"What I've seen dramatic market change in people's awareness or people's willingness to make a change, most of that gets driven when there's a regulatory requirement that says you have to do something. If you want to wait for things like sustainability plans to drive that, it'll happen, but it won't happen in a market-transformational way.
"I saw an application at Greenbuild that goes on an iPad that lets everyone in London walk down the street and see the energy performance of any building, and how that building is doing, in red, green or yellow. And the public has access to this information -- that all comes about because the government requires you to report this information.
"Once we have requirements to report information from this building, and that building has to report the same information, and two different companies own those buildings, there's going to be some really keen attention paid to doing something about the problem. But my experience is that customers are generally reluctant to make those purchases unless they're being mandated, even if it's a mandate within the company, especially in lean times, because it's more critical to maintain jobs. But until it gets pushed that way, that's how it is.
"In new buildings we're already doing this; ASHRAE's standards are good for new construction -- if youre doing something new, it's going to be more energy efficient. For existing buildings, very little is done to get energy efficiency going on a broad scale. Until we get some regulatory push, we're not going to see transformational change on the level that you're seeing at the Empire State Building.

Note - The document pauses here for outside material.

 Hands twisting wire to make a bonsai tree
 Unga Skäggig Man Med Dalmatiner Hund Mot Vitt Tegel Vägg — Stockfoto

"We have customers around the world who get 30 to 60 savings on their energy efficiency projects. Those savings levels are achievable in almost any building I've been in in my life, it's just a matter of figuring out how to make it happen, and putting it in place.
"We have a long way to go on energy efficiency, and the challenge I see is that it's not sexy, it's not visible. We don't want to the meters, we don't show you that yesterday the building did a good job or not so great a job. That's the kind of stuff that makes efficiency visible. If we made it a little more sexy, and more visible, we could get a little more traction."
Schneider Electric's Widdowson echoed Davenport's point, saying that his company sees the same kinds of savings possible -- and the same challenges to making efficiency visible -- in almost every building they approach, new or old.
Although there is a long way to go in building energy efficiency to levels where real impacts will be felt around the world, all the session's panelists had some optimism about making progress.
Bartlett explained that the technology is out in the world today to build the building of the future, and that IBM and other companies are creating dashboards that give easy visibility to events in smart buildings that would otherwise be lost in a data storm. "The technology is there, it's just a matter of applying it."
And Nesler said: "There's a lot of people still around the world looking at monthly utility bills. I mean, we [JCI] are in the business, and we're just installing meters now. We've even got one of the companies that makes the meters and they're just installing the meters now. So there's a large base of building owners around the world and in the U.S. that aren't taking advantage of this. They get the bill, someone pays it, and someone might look at it. There's a tremendous opportunity here."